The survey examined employers' perceptions of the most common reasons why employees recently retired. It's not surprising that employers' most frequently cited reasons include age (47 percent), financial ability (35 percent), health issues (32 percent) and family responsibilities (22 percent). However, a noteworthy 27 percent of employers say their employees retired as a result of one or more employment-related reasons, including organizational changes (15 percent), were laid off or terminated (12 percent), and/or took a retirement buyout/incentive (11 percent). Note: these findings vary dramatically by company size, with large companies of 500 or more employees (46 percent) and medium-sized companies with 100 to 499 employees (35 percent) being more likely than small companies with 5 to 99 employees (23 percent) to cite employment-related reasons.
"Employers can affirm their aging-friendliness by adopting inclusive practices, programs and benefits that recognize age with other demographic factors," said Collinson.
#2. Enable Workers to Work Past Age 65
"People are living longer than in any other time in history, which is putting strain on Social Security and intensifying shortfalls in personal retirement savings.
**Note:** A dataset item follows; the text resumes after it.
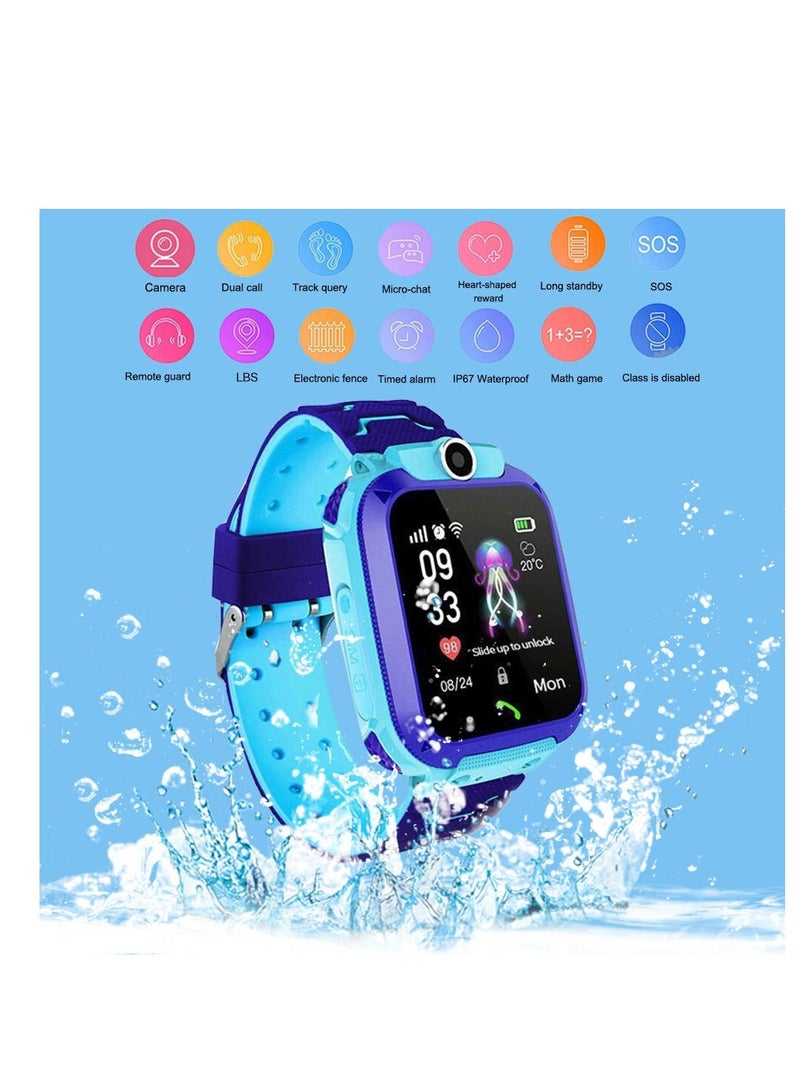 Waterproof Smart Watch For Kids Blue - Image 3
Therefore, many workers envision working past traditional retirement age. However, their ability to do so is highly dependent on the support of their employers," said Collinson. The survey finds:
- Nearly three-quarters of employers believe that many of their employees expect to work past age 65 or do not plan to retire (72 percent);
- Seventy-seven percent of employers feel that many of their employees plan to continue working either full-time or part-time after they retire; and,
- Four out of five employers say they are supportive of their employees working past 65 (81 percent).
"As much as employers may believe they are supportive of their employees working past age 65, actions speak louder than words. According to the Bureau of Labor Statistics, only one in four Americans age 65 to 74 was employed in 2016,1" said Collinson.
#3. Adopt a Flexible Retirement Program
"Flexible retirement can be a win-win solution for workers and employers. Today's workers need the ability to transition into retirement and have the flexibility to continue earning income until they are ready to fully retire. These types of phased retirement programs can help employers optimize workforce management and succession planning - while also generating good will among employees," said Collinson.
Despite the potential benefits, relatively few employers have programs in place for employees seeking to transition into retirement. Just 39 percent of employers offer pre-retirees flexible schedules. Even fewer enable pre-retirees to shift from full-time to part-time (31 percent) or to take on positions that are less stressful or demanding (24 percent). Only 27 percent encourage pre-retirees to participate in succession planning, training, and mentoring.
#4. Enhance Retirement and Employee Benefit Offerings
"Employer-sponsored retirement benefits are proven to be one of the most effective ways, if not the most effective way, to help workers save, invest and prepare for retirement," said Collinson. Two-thirds of employers offer such benefits (66 percent), specifically, a 401(k) or similar employee-funded retirement plan, including 90 percent of large companies, 88 percent of medium-sized companies, and 60 percent of small companies.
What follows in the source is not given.